Un posto, ai confini del mondo, forse nel cielo, dove si vive perennemente sereni. Dove dimorano le anime degli Eletti, di coloro che in terra si sono procurati, con il loro merito, con un comportamento virtuoso, il diritto a godere in eterno dei soffi di zafiro, che scivolano lievi sulle distese infinite di anemoni bianche, inondate di luce. Lì non c’è sofferenza, non esiste dolore.

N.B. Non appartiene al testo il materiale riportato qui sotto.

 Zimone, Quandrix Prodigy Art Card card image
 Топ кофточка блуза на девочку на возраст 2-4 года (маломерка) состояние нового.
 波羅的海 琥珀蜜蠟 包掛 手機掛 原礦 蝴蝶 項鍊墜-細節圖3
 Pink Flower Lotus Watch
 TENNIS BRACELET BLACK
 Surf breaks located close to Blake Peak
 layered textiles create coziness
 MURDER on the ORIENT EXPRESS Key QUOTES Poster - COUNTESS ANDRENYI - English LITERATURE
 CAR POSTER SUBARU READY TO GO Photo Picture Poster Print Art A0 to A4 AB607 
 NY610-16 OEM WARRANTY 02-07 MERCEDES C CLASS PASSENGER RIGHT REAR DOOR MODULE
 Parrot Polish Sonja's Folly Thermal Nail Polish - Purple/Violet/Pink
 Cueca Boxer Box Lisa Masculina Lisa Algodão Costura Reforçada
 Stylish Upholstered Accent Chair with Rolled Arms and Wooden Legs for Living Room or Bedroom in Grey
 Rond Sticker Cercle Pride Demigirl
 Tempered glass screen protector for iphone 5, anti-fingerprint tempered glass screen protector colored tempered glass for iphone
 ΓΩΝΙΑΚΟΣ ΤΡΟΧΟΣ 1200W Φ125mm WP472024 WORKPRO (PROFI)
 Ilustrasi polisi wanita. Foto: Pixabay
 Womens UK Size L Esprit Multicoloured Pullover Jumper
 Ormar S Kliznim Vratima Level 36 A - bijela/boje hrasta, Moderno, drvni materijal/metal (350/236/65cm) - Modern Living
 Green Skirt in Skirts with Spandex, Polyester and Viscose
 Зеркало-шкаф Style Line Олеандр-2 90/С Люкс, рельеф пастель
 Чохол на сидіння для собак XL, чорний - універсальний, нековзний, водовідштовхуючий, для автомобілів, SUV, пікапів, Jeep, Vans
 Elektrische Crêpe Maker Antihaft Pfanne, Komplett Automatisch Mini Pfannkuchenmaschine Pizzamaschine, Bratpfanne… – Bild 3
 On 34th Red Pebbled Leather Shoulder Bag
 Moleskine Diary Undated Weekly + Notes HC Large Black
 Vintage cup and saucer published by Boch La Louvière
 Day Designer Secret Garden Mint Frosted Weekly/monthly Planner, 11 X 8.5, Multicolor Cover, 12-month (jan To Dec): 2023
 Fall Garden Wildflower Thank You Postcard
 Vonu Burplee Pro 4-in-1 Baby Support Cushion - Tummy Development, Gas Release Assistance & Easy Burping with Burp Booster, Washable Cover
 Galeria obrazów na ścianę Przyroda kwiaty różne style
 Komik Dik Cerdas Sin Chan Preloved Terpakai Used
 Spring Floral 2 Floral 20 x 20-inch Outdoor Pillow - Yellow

È questo che mi interessa. Perché se c’è un Elysium, c’è anche una Ade, immagine del suo stesso dio Orco da cui prende il nome, o meglio una parte di esso, il Tartaro, la voragine sotterranea dei reprobi, dove sono rinchiusi i Titani, i Ciclopi e altri mostri, e tutti i mortali dannati, ricacciati per sempre nelle costrizioni del buio e delle piaghe.
Tutta questa pippa, direte, dove vuole andar a parare ?
Vuole andare a dire il perché questo disco mi è rimasto nell’anima. Disco classificabile di gothic rock, di un gruppo etichettato come emulo dei più noti The Cult o Sisters of Mercy, ma a mio giudizio di un livello ben superiore, sia nella raffinatezza stilistica che nell’estro creativo.
Con la voce cupa e gutturale di Carl McCoy e le tipiche trame funeree disegnate da incroci di bassi e chitarre riffate, alternate a limpide e rallentate aperture dove si stagliano arpeggi e colpi sincopati di batteria, I Fieds of the Nephilim portano l’Elysium dentro l’Ade, o viceversa, attraversano il secondo per ritrovarsi, a tratti, nella sorpresa meraviglia del primo, rallentano i battiti per poi accelerare i respiri, placare improvvisamente corse affannate nel quieto pulsare di un istante infinito. Uno sviluppo ritmico adrenalinico che lascia il passo a pause di rarefatta ambientazione sospesa, con il supporto melodico delle tastiere, nella quale la voce di Coy si ammorbidisce, diventa meno lugubre, ma pure sempre totalmente nera, rimbombante, in un mix di tensione e di attesa ribollente di rinascita, di risalite vorticose da meandri ristagnanti, verso un faticoso riaffiorare nelle paludi, di un a tratti rassicurante, a tratti inquietante limbo sonoro.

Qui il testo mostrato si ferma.